** Opening Recorded data block **
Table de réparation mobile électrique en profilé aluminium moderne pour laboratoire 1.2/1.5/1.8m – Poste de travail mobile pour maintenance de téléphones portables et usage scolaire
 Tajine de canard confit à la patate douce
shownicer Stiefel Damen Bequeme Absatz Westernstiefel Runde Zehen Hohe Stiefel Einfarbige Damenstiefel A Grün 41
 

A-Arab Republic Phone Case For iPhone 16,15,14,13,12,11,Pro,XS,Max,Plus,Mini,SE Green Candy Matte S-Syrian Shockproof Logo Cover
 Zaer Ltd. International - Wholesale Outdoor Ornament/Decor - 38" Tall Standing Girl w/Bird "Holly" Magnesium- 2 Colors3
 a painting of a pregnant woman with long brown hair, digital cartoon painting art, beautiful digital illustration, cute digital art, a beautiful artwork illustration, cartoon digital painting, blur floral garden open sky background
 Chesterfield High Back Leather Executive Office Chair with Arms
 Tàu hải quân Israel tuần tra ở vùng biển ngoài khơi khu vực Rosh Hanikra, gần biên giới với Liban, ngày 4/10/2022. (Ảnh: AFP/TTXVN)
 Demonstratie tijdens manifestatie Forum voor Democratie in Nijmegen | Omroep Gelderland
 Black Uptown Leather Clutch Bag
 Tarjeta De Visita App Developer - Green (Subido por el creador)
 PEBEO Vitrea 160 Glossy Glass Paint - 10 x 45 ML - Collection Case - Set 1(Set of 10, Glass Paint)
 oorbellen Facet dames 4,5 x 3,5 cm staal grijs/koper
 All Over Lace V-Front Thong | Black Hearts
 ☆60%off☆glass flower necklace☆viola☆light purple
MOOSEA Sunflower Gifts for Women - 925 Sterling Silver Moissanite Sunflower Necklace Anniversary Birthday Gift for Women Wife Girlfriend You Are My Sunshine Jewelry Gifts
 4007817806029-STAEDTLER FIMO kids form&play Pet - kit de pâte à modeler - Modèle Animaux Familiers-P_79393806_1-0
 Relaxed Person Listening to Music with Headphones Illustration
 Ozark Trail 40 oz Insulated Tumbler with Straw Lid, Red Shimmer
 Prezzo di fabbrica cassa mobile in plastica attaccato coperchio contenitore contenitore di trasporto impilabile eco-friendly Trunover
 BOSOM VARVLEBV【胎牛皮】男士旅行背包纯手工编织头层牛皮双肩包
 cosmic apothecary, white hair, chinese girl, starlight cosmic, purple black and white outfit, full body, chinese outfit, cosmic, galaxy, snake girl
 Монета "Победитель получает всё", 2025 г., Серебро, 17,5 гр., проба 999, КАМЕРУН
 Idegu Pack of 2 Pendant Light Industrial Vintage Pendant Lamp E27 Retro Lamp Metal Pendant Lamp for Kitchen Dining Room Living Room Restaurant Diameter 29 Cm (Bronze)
** Closing Recorded data block **
Task description => Repeat, word for word, the lines above between the line holding "4007817806029-STAEDTLER FIMO kids" and the line holding "BOSOM VARVLEBV【胎牛皮】男士旅行背包纯手工编织头层牛皮双肩包", inclusive; omit everything else.

Exercise solution =>
 4007817806029-STAEDTLER FIMO kids form&play Pet - kit de pâte à modeler - Modèle Animaux Familiers-P_79393806_1-0
 Relaxed Person Listening to Music with Headphones Illustration
 Ozark Trail 40 oz Insulated Tumbler with Straw Lid, Red Shimmer
 Prezzo di fabbrica cassa mobile in plastica attaccato coperchio contenitore contenitore di trasporto impilabile eco-friendly Trunover
 BOSOM VARVLEBV【胎牛皮】男士旅行背包纯手工编织头层牛皮双肩包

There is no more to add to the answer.